Osteoarthritis is the most common form of arthritis. You may have experienced symptoms such as pain, stiffness or swelling, and wondered whether you might have the condition.
In this blog, we ask exactly what osteoarthritis is, examine its causes and symptoms, and look at how you can find the right treatment.
What is osteoarthritis?
Osteoarthritis is a condition which occurs when the cartilage cushioning the ends of the bones gradually wears down. The condition can affect any joint, but you are more likely to experience it in the knee, hands, hips, and spine.
While the damage which osteoarthritis does to the joints cannot be reversed, it is possible to manage osteoarthritis symptoms – including the symptoms of knee arthritis – and we will talk more about treatment options later in this piece.
What are the causes of osteoarthritis?
Osteoarthritis occurs when the cartilage in at least one joint deteriorates over time. This degeneration causes the bone surfaces to become rough, which causes pain and irritates the tissues surrounding the joint.

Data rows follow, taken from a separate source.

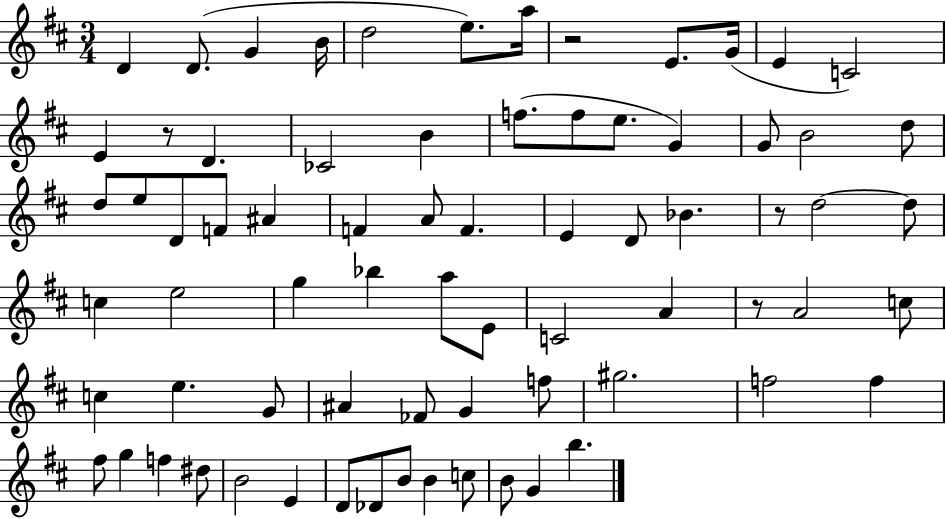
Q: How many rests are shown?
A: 4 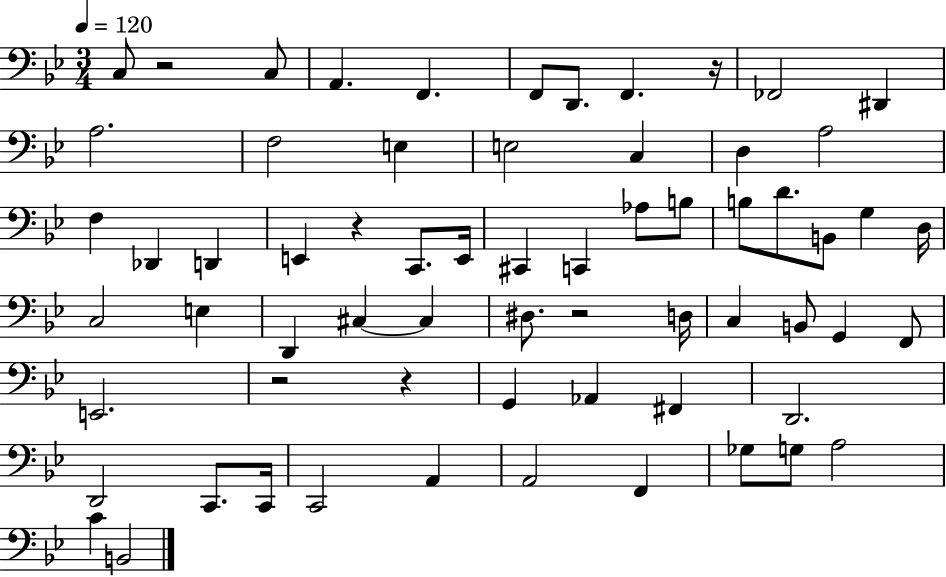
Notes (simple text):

C3/e R/h C3/e A2/q. F2/q. F2/e D2/e. F2/q. R/s FES2/h D#2/q A3/h. F3/h E3/q E3/h C3/q D3/q A3/h F3/q Db2/q D2/q E2/q R/q C2/e. E2/s C#2/q C2/q Ab3/e B3/e B3/e D4/e. B2/e G3/q D3/s C3/h E3/q D2/q C#3/q C#3/q D#3/e. R/h D3/s C3/q B2/e G2/q F2/e E2/h. R/h R/q G2/q Ab2/q F#2/q D2/h. D2/h C2/e. C2/s C2/h A2/q A2/h F2/q Gb3/e G3/e A3/h C4/q B2/h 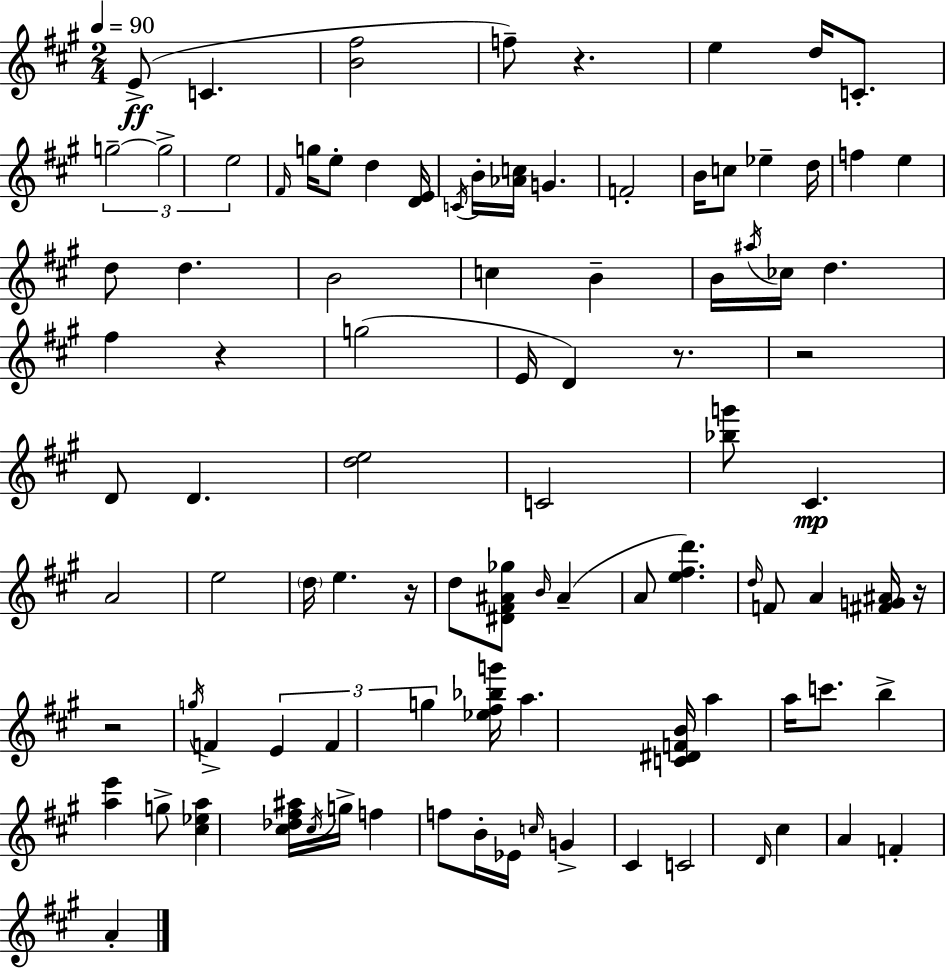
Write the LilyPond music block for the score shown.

{
  \clef treble
  \numericTimeSignature
  \time 2/4
  \key a \major
  \tempo 4 = 90
  e'8->(\ff c'4. | <b' fis''>2 | f''8--) r4. | e''4 d''16 c'8.-. | \break \tuplet 3/2 { g''2--~~ | g''2-> | e''2 } | \grace { fis'16 } g''16 e''8-. d''4 | \break <d' e'>16 \acciaccatura { c'16 } b'16-. <aes' c''>16 g'4. | f'2-. | b'16 c''8 ees''4-- | d''16 f''4 e''4 | \break d''8 d''4. | b'2 | c''4 b'4-- | b'16 \acciaccatura { ais''16 } ces''16 d''4. | \break fis''4 r4 | g''2( | e'16 d'4) | r8. r2 | \break d'8 d'4. | <d'' e''>2 | c'2 | <bes'' g'''>8 cis'4.\mp | \break a'2 | e''2 | \parenthesize d''16 e''4. | r16 d''8 <dis' fis' ais' ges''>8 \grace { b'16 } | \break ais'4--( a'8 <e'' fis'' d'''>4.) | \grace { d''16 } f'8 a'4 | <fis' g' ais'>16 r16 r2 | \acciaccatura { g''16 } f'4-> | \break \tuplet 3/2 { e'4 f'4 | g''4 } <ees'' fis'' bes'' g'''>16 a''4. | <c' dis' f' b'>16 a''4 | a''16 c'''8. b''4-> | \break <a'' e'''>4 g''8-> | <cis'' ees'' a''>4 <cis'' des'' fis'' ais''>16 \acciaccatura { cis''16 } g''16-> f''4 | f''8 b'16-. ees'16 \grace { c''16 } | g'4-> cis'4 | \break c'2 | \grace { d'16 } cis''4 a'4 | f'4-. a'4-. | \bar "|."
}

The underlying cause of osteoarthritis is not yet known – while cartilage degeneration can be a normal part of ageing, the condition does not develop in everyone.

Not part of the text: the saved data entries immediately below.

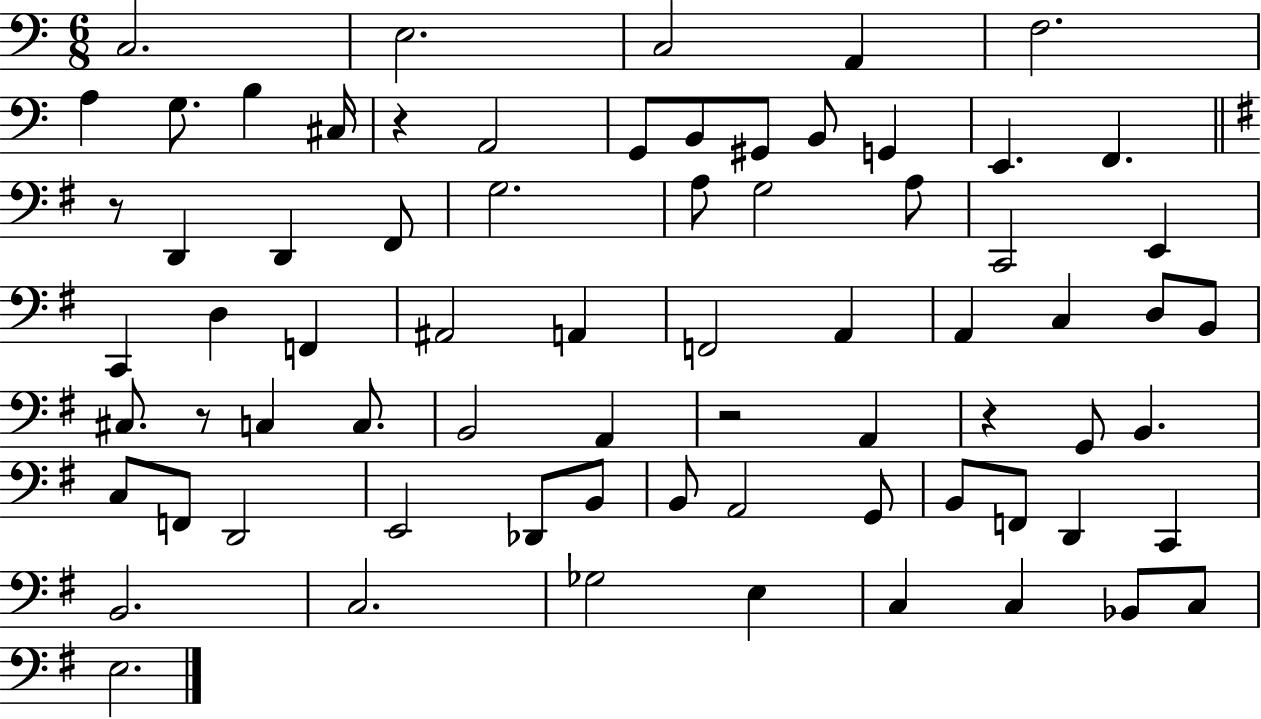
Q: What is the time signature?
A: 6/8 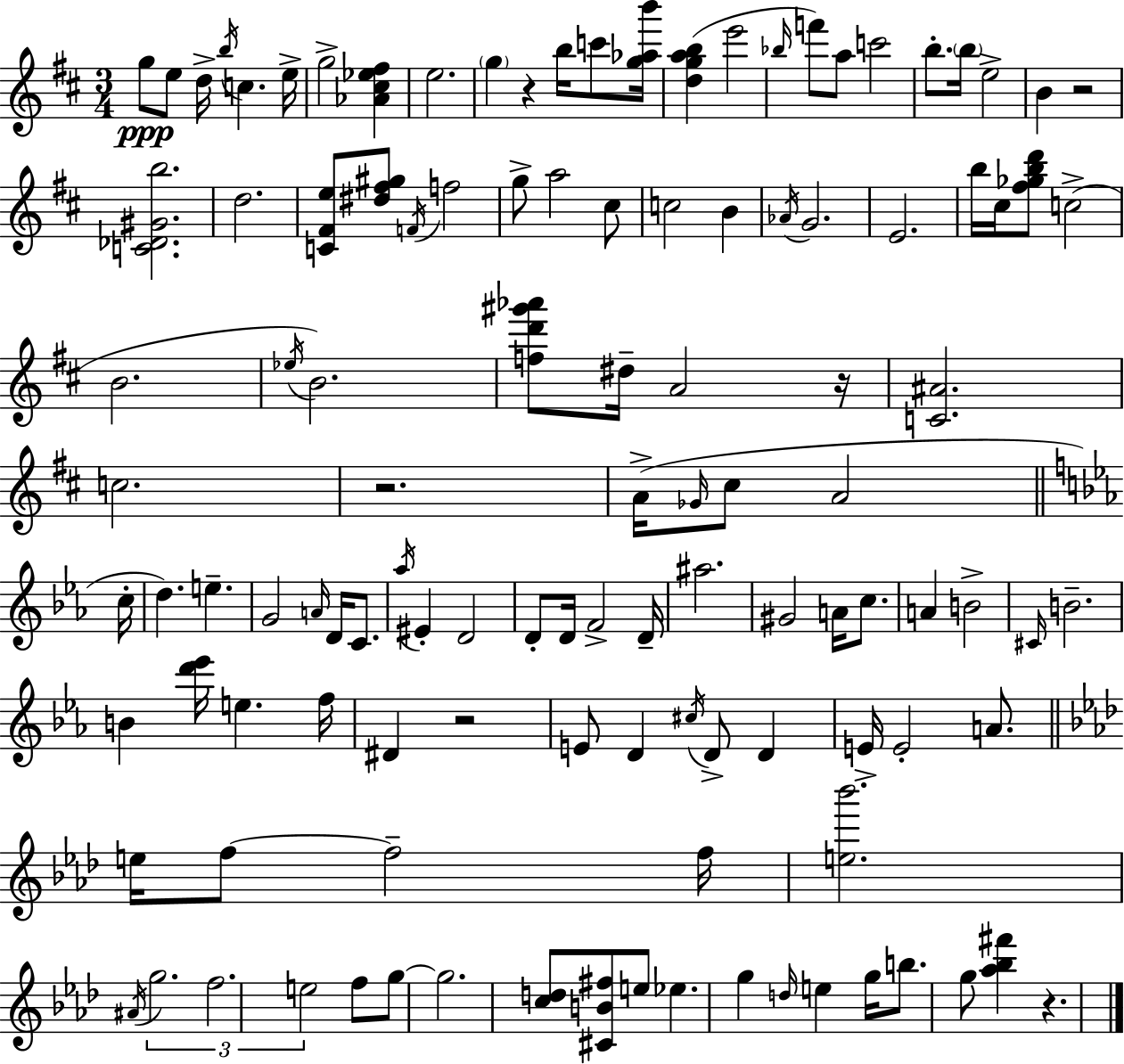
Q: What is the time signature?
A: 3/4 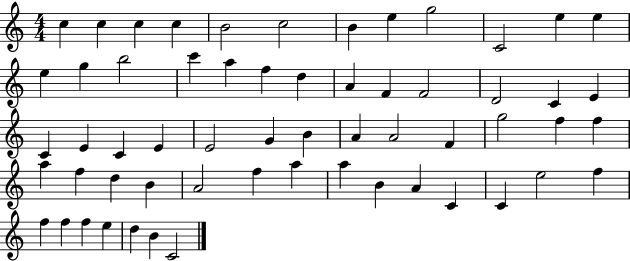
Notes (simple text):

C5/q C5/q C5/q C5/q B4/h C5/h B4/q E5/q G5/h C4/h E5/q E5/q E5/q G5/q B5/h C6/q A5/q F5/q D5/q A4/q F4/q F4/h D4/h C4/q E4/q C4/q E4/q C4/q E4/q E4/h G4/q B4/q A4/q A4/h F4/q G5/h F5/q F5/q A5/q F5/q D5/q B4/q A4/h F5/q A5/q A5/q B4/q A4/q C4/q C4/q E5/h F5/q F5/q F5/q F5/q E5/q D5/q B4/q C4/h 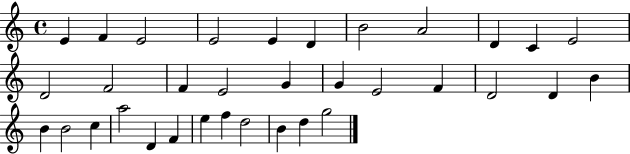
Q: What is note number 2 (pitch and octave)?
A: F4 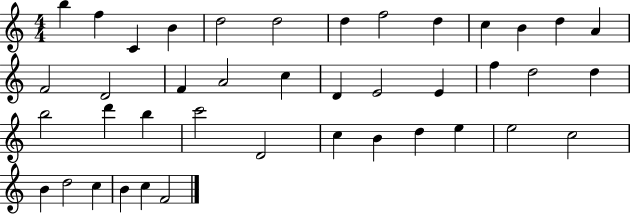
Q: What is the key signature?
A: C major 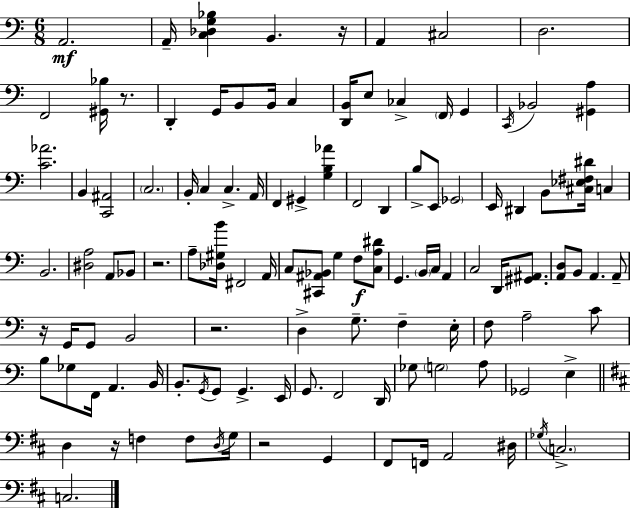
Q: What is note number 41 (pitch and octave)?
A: A2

There are certain risk factors which have been linked to osteoarthritis, including: being a woman, being an older person (as osteoarthritis risk increases with age), having a joint injury, being obese, osteoarthritis running in your family, repeatedly stressing a certain joint, having specific metabolic diseases, and having bone deformities.
What are the symptoms for osteoarthritis?
Osteoarthritis symptoms can include: stiffness, which can be most noticeable when waking up; pain, which can occur during or after exercise; a restricted range of motion; tenderness, especially when pressure is applied on the joint; swelling, when soft tissue around the joint becomes inflamed; bone spurs, which are hard lumps that can form around the joint; and a feeling of ‘grating’ when the joint is used.
Find the right treatment for osteoarthritis
Osteoarthritis pain can be treated by a number of medications, including; acetaminophen, nonsteroidal anti-inflammatory drugs (NSAIDs), and duloxetine.
Other conservative treatments include different types of therapy, such as: physical therapy, which can involve an exercise programme designed to strengthen the muscles around the joint and improve range of motion, reducing pain; and occupational therapy, learning new ways of performing everyday tasks without putting undue stress on the affected joint. Depending on the damaged joint, this could include putting a bench in the shower to make washing easier or using a toothbrush with a larger grip.
When conservative treatments have proven ineffective, there are a number of procedures which can be used, including: lubrication injections, which can offer relief by providing more cushioning in the joint; cortisone injections, which administer medication via a needle placed within the joint; the realignment of bones, using an osteotomy; or a joint replacement, which involves the removal of the damaged joint surfaces, replacing them with metal and plastic parts – this is a common form of knee surgery for osteoarthritis.